* **INPUT DATA**:
== Segment start ==
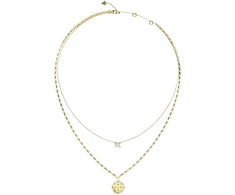 Guess Auksu padengtas dvigubas vėrinys „Laukinė gėlė“ JUBN05507JWYGT/U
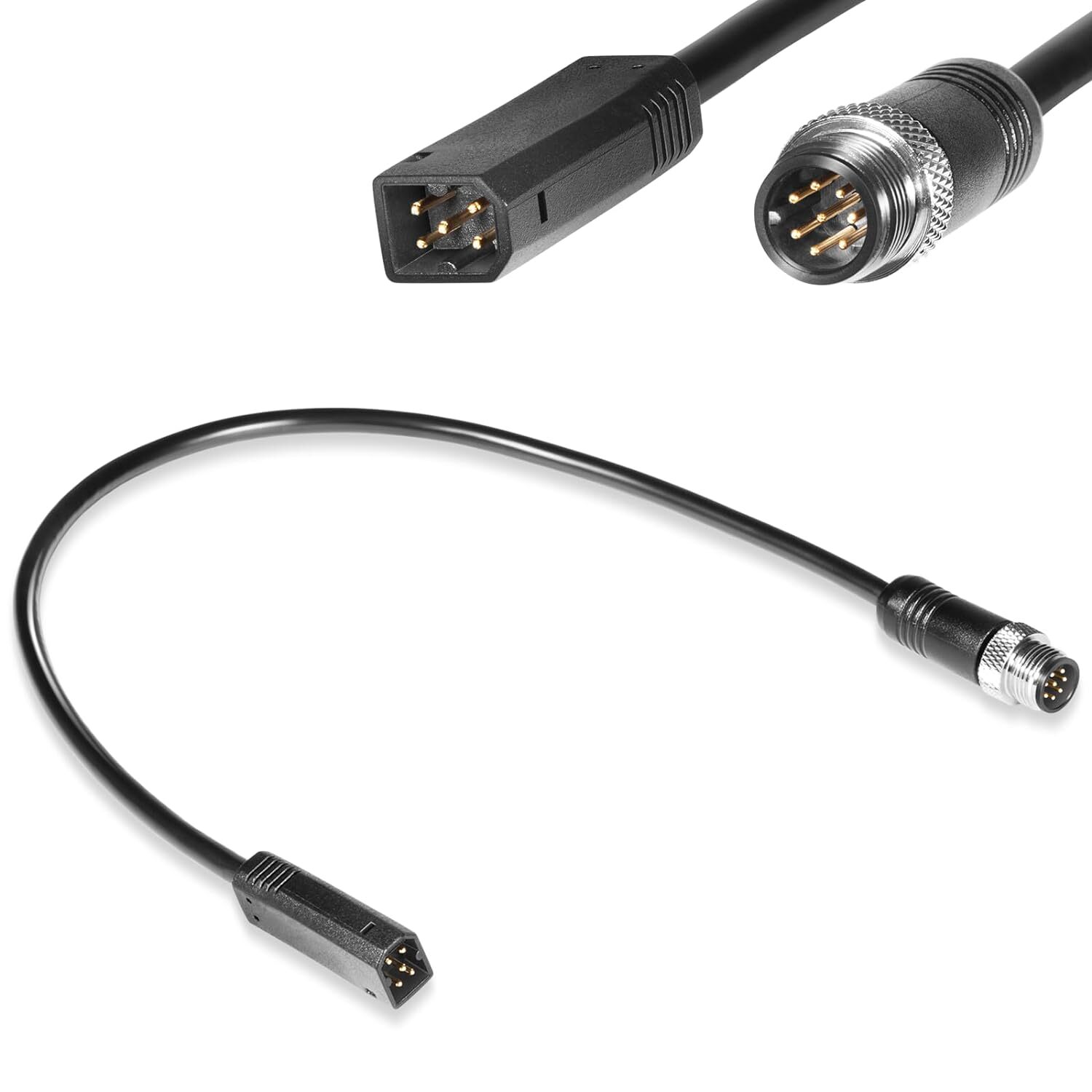 For Humminbird AS EC QDE Ethernet Cable Adapter 720074-12 HELIX 8pin to 5pin 12"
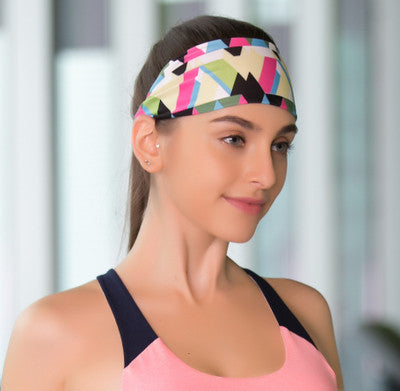 multi coloured yoga headband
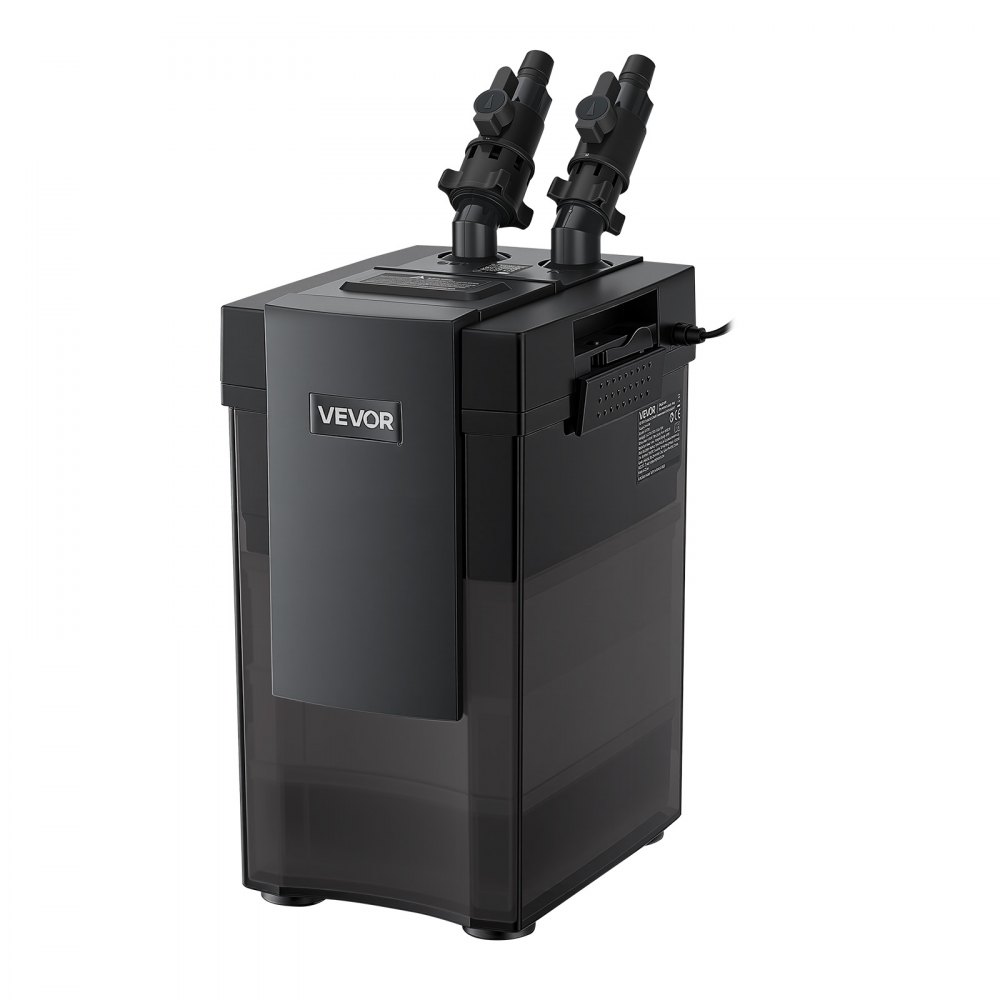 VEVOR Canister Filter 314 GPH 3-Stage External Aquarium Filter Copper Motor, for Fish Tanks, Aquariums, Adjustable Flow, Leak Protection, Powerful Water Circulation Cleaning Machine, Quite Operation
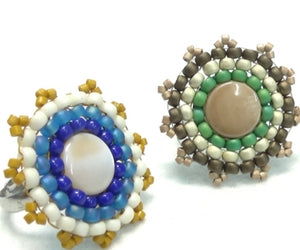 TUTORIAL Anillo "Sun" - Brick Stitch circular - - Crystaldreams Abalorios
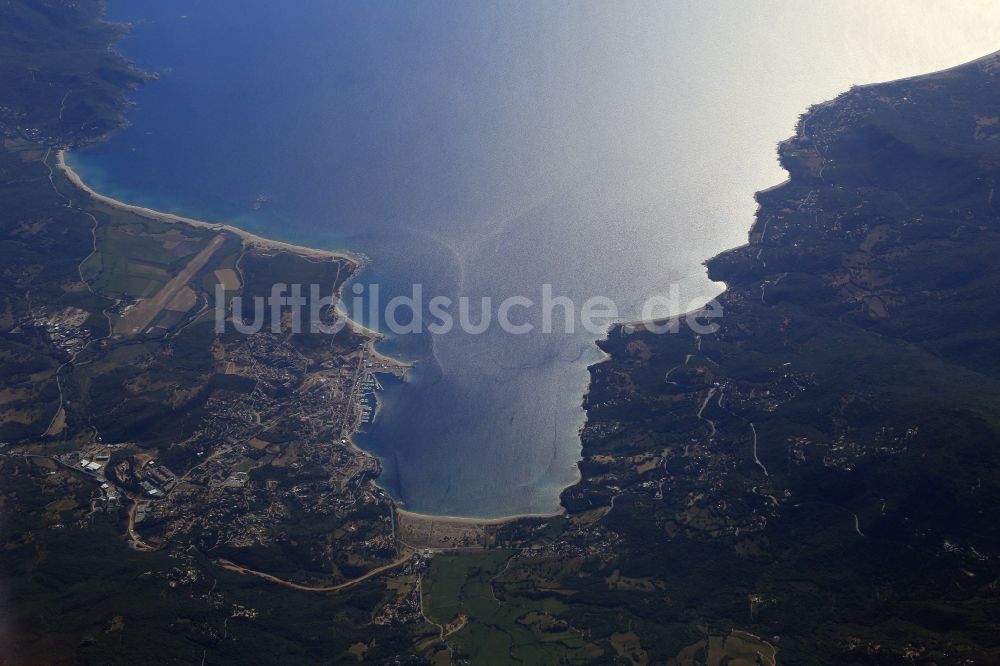 Luftaufnahme Propriano - Küsten- Landschaft der Insel Korsika bei Propriano in Frankreich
== Segment end ==
Apart from the pictures, set down all the entries above exactly.

* **RESPONSE**:
 Guess Auksu padengtas dvigubas vėrinys „Laukinė gėlė“ JUBN05507JWYGT/U
 For Humminbird AS EC QDE Ethernet Cable Adapter 720074-12 HELIX 8pin to 5pin 12"
 multi coloured yoga headband
 VEVOR Canister Filter 314 GPH 3-Stage External Aquarium Filter Copper Motor, for Fish Tanks, Aquariums, Adjustable Flow, Leak Protection, Powerful Water Circulation Cleaning Machine, Quite Operation
 TUTORIAL Anillo "Sun" - Brick Stitch circular - - Crystaldreams Abalorios
 Luftaufnahme Propriano - Küsten- Landschaft der Insel Korsika bei Propriano in Frankreich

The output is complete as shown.